I would have written the integration as $Y_X(\lambda) = Y_X(0) + \int_0^\lambda V(Y_X(\mu)) \,d\mu$ locally around $\lambda = 0$.

So the first question is, whether $\left(\int_0^\lambda V(Y_X(\mu)) \,d\mu \right)^\alpha = \int_0^\lambda V^\alpha(Y_X(\mu)) \,d\mu \,$ and next whether integration and (partial) differentiation can be switched. If both is true, then we get $\dfrac{\partial V^\alpha}{\partial X^\beta} = \dfrac{\partial V^\alpha (Y_X(\mu))}{\partial X^\beta}$ and we have to apply the chain rule on $V^\alpha \circ Y_X$.

 

[martinbn]

The first uncertainty on my part is whether the following is true:

If we want to know the coordinates for the point $Y_X(\lambda)$, I think it's just a matter of integration:

$Y^\alpha_X(\lambda) = Y^\alpha_X(0) + \int V^\alpha|_{Y_X(\lambda)} d\lambda$
$= X^\alpha + \int V^\alpha|_{Y_X(\lambda)} d\lambda$

If I understand correctly your question and notations, I think this is not true. It will not be just integration, you need to solve a system of differential equations. Take any example. Say $\mathbb R^2$ with the usual coordinates $(x,y)$, let the vector field be $V=x^2\frac{\partial}{\partial x}+y\frac{\partial}{\partial y}$. Then the parametrized path you are looking for satisfies
$\frac{dx}{d\lambda}=x^2$
$\frac{dy}{d\lambda}=y$
Solving the equations is not just a matter of integration. Well in a way it is because I chose them simple to solve, but in general the right sides will depend on all coordinate function, they will not be decoupled as in this example. The dependence on the initial point will come from the initial conditions for the equations $x(0)=x_0$ and $y(0)=y_0$.

 

[stevendaryl]

If I understand correctly your question and notations, I think this is not true. It will not be just integration, you need to solve a system of differential equations. Take any example. Say $\mathbb R^2$ with the usual coordinates $(x,y)$, let the vector field be $V=x^2\frac{\partial}{\partial x}+y\frac{\partial}{\partial y}$. Then the parametrized path you are looking for satisfies
$\frac{dx}{d\lambda}=x^2$
$\frac{dy}{d\lambda}=y$
Solving the equations is not just a matter of integration. Well in a way it is because I chose them simple to solve, but in general the right sides will depend on all coordinate function, they will not be decoupled as in this example. The dependence on the initial point will come from the initial conditions for the equations $x(0)=x_0$ and $y(0)=y_0$.

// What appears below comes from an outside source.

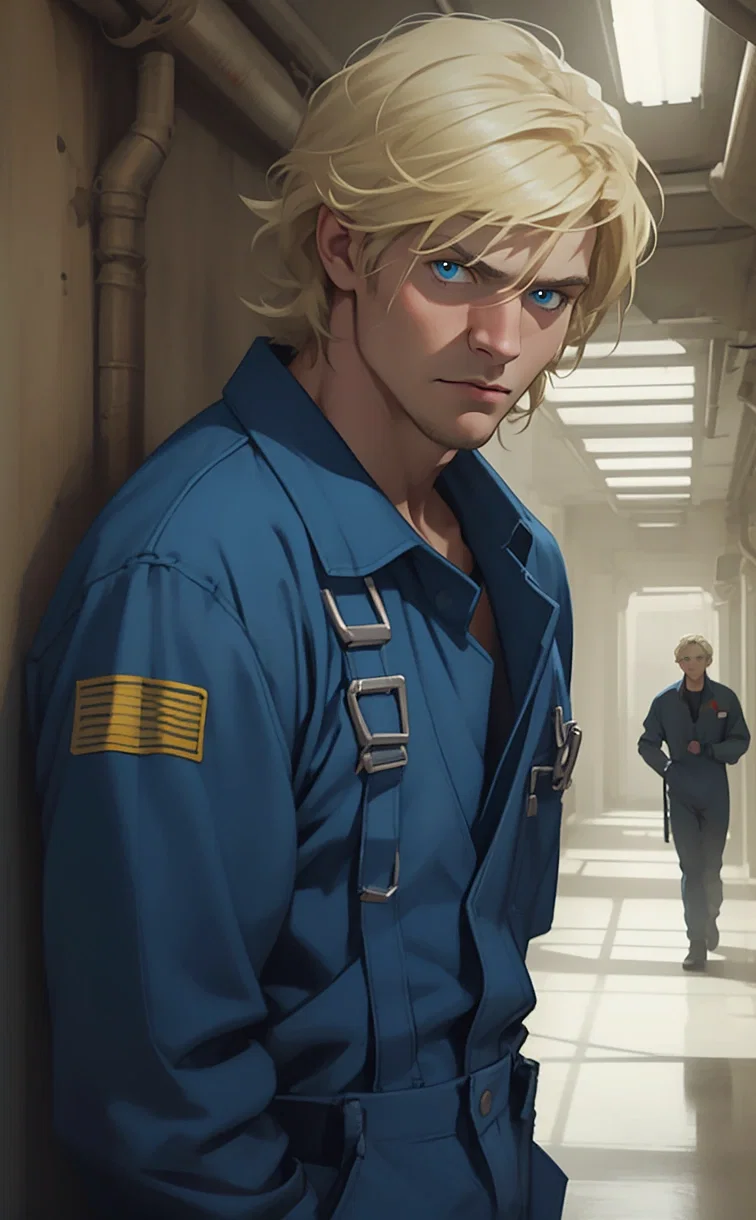 Avatar of Tyler Price | You're Stuck Together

Very good point. However, I would say it is true that $x(\lambda) = x(0) + \int_0^{\lambda} V^x(x(s), y(s)) ds$, but unhelpful. My question is not about how to solve it, but about the meaning.

 

[martinbn]

I see, I have misunderstood you question. Yes, you are right, that you can write the equations in that form (as integral equations), but they are still equations, as the unknown appears on both sides. They are not solved.